Data Sufficiency

faraday88 wrote:Is 1/m < 1/n?
1) m-n=3
2) 3n=m+2

One look at the question should tell us that whether 1/m is less than 1/n or not depends upon the signs of m and n, and also on whether m > n or not. So we will plug number accordingly to prove insufficiency.

Statement 1: m = (n + 3)
Consider the following two examples,

• m = 4, n = 1 ---> 1/m < 1/n
  m = 1, n = -2 ---> 1/m > 1/n

Not sufficient

Statement 2: m = (3n - 2)
Consider the following two examples,

• m = 1, n = 1 ---> 1/m = 1/n
  m = 4, n = 2 ---> 1/m < 1/n

Not sufficient

1 & 2 Together: m = (n + 3) and m = (3n - 2)
As we have two equations, we can solve for both m and n to get definite values for them.

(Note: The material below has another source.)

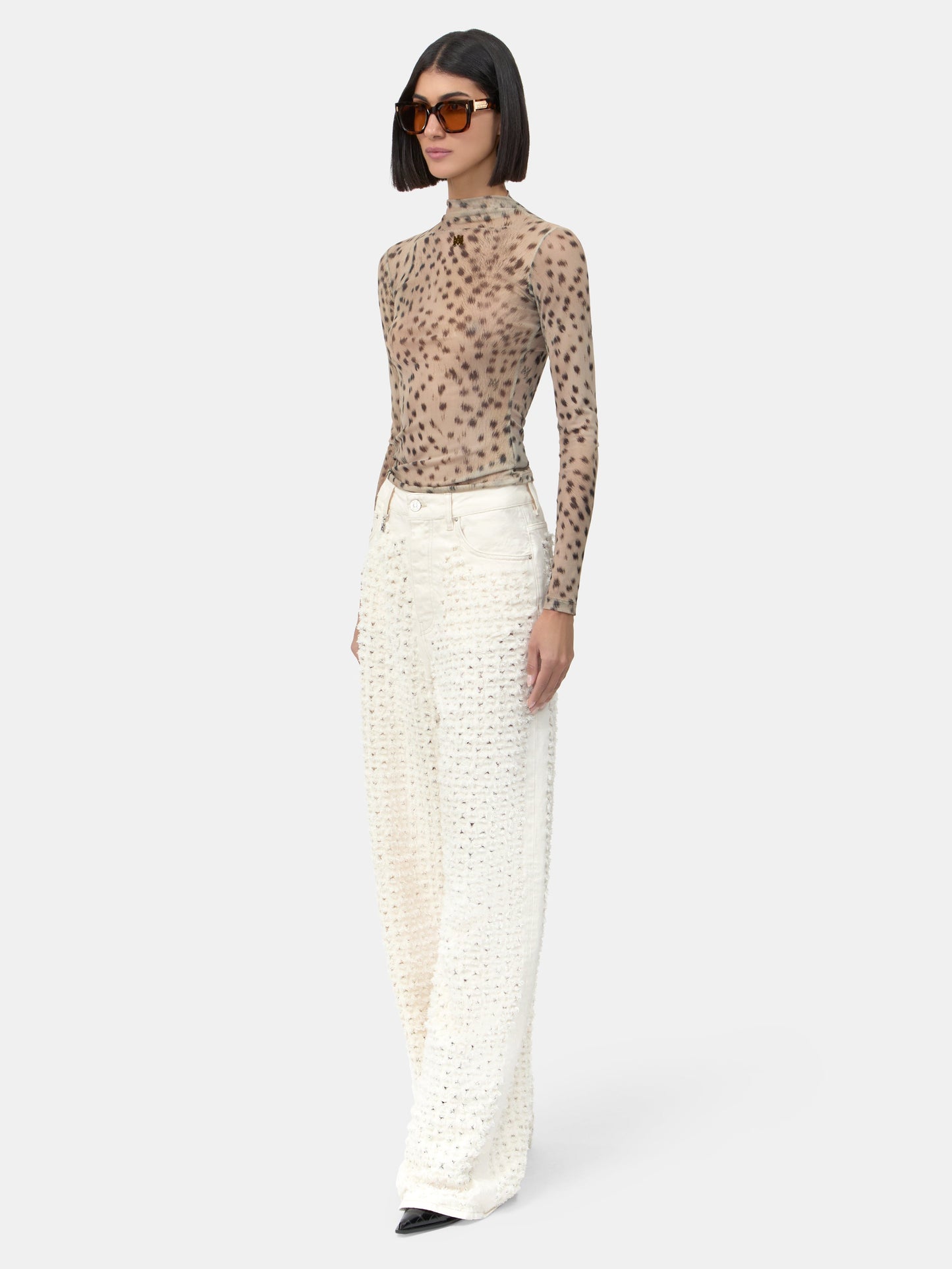 Boucle Denim Straight Jean - Ecru | Amiri Value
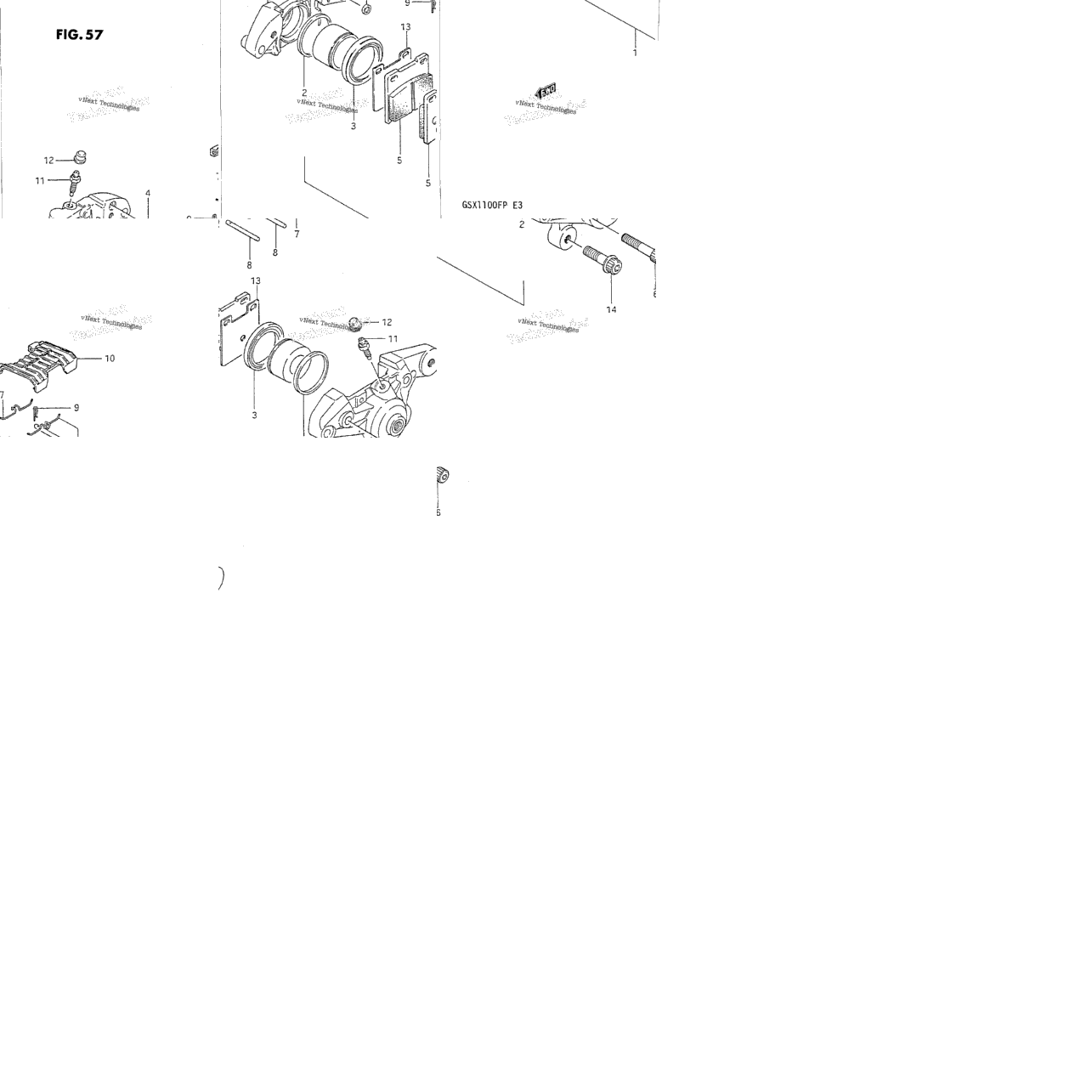Rear Calipers (Model J/K/L/M/N)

With definite values for m and n, we can definitely say whether 1/m is less than 1/n or not.

Sufficient

The correct answer is C.

dhonu121 wrote:Plugging numbers is fairly easy, just that even you have plugged a few of them, you aren't sure whether you have tried all possible scenarios.
Any approach to ensure that please ?

In DS, plug numbers only to ensure insufficiency.
It's more or less intuition (experience, I prefer) when it comes to "How do you know when to plug numbers?". For example, in this case as I mentioned before doing analysis that "whether 1/m is less than 1/n or not depends upon the signs of m and n, and also on whether m > n or not." Now from both statements we can easily conclude that m > n. But what about the signs? We cannot conclude anything about that from the statements. Hence, I had a hunch they are insufficient individually. So I plugged numbers to prove that. The same could've been shown algebraically but it's a bit time consuming to explain all the logic and follow them.

However, you can never prove sufficiency by plugging numbers (unless a finite range is defined and you have checked for each of the members in that range). Even if it seems that by plugging ten sets of numbers the statement is sufficient, you may be missing some.